- **Given information**:
++++++++++++++++++++
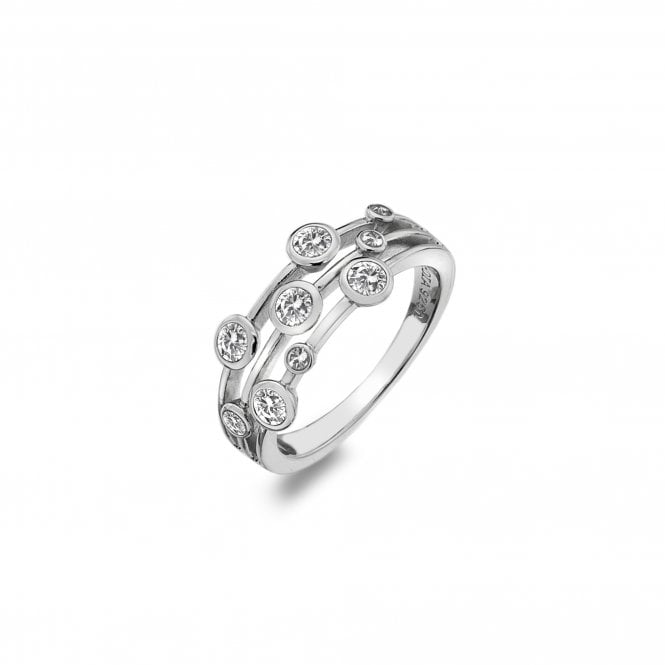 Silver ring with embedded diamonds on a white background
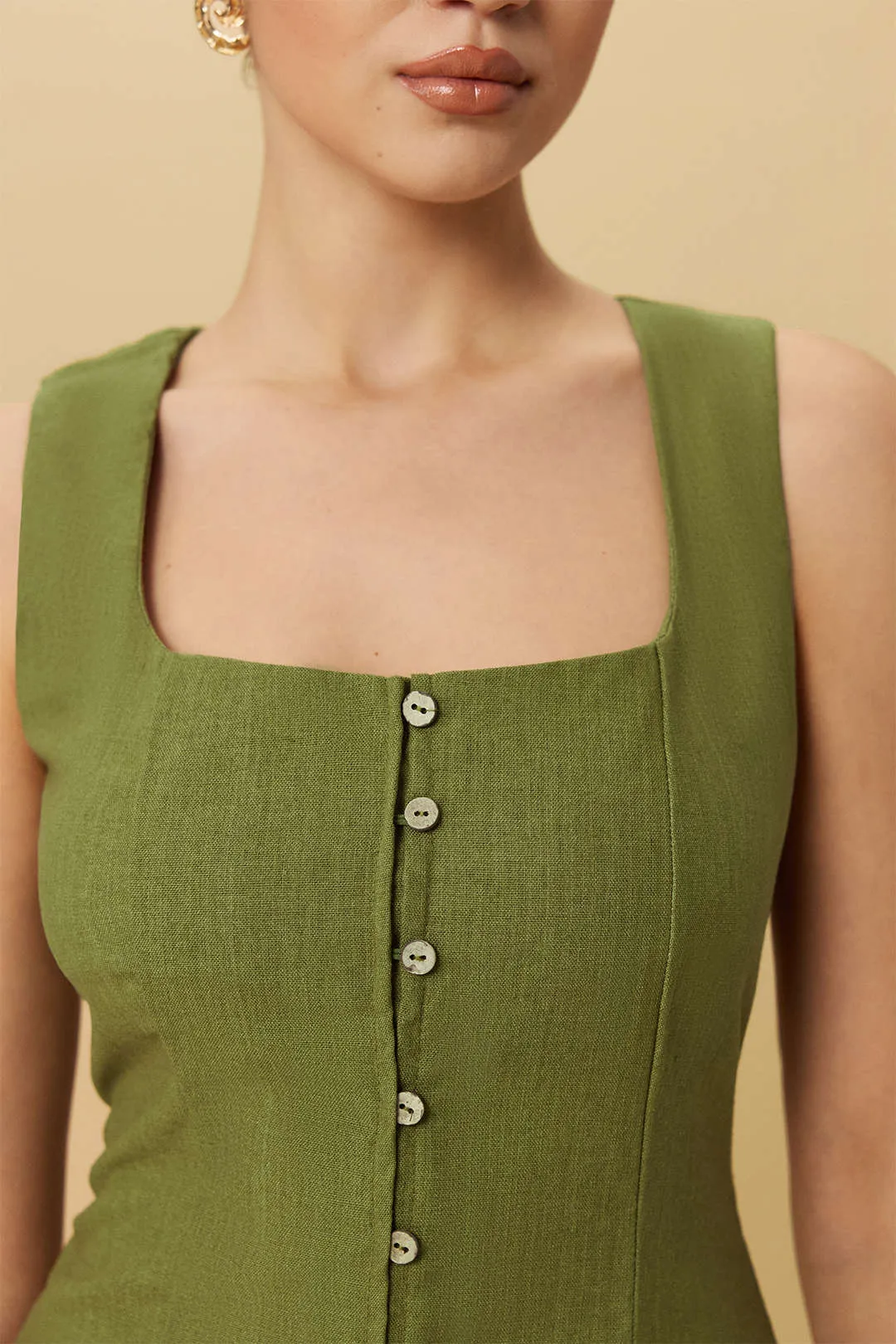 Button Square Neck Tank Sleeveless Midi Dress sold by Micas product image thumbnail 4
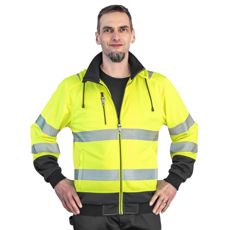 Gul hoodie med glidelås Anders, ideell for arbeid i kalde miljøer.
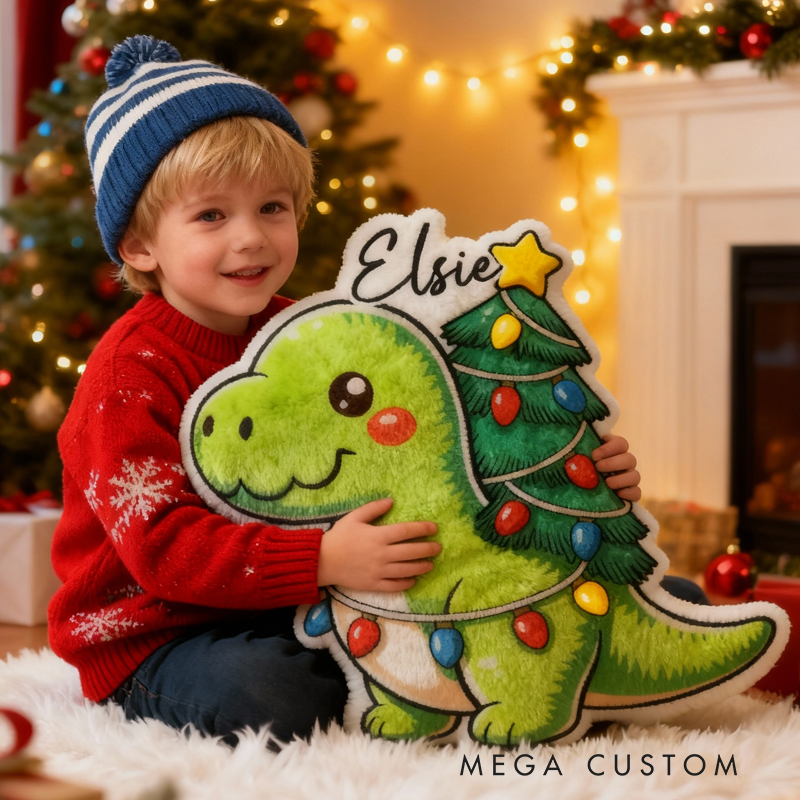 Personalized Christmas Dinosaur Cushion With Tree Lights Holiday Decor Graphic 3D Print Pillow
++++++++++++++++++++
- **Problem to solve**: Word for word, give the data above again, without any images.

- **Solved problem**:
 Silver ring with embedded diamonds on a white background
 Button Square Neck Tank Sleeveless Midi Dress sold by Micas product image thumbnail 4
 Gul hoodie med glidelås Anders, ideell for arbeid i kalde miljøer.
 Personalized Christmas Dinosaur Cushion With Tree Lights Holiday Decor Graphic 3D Print Pillow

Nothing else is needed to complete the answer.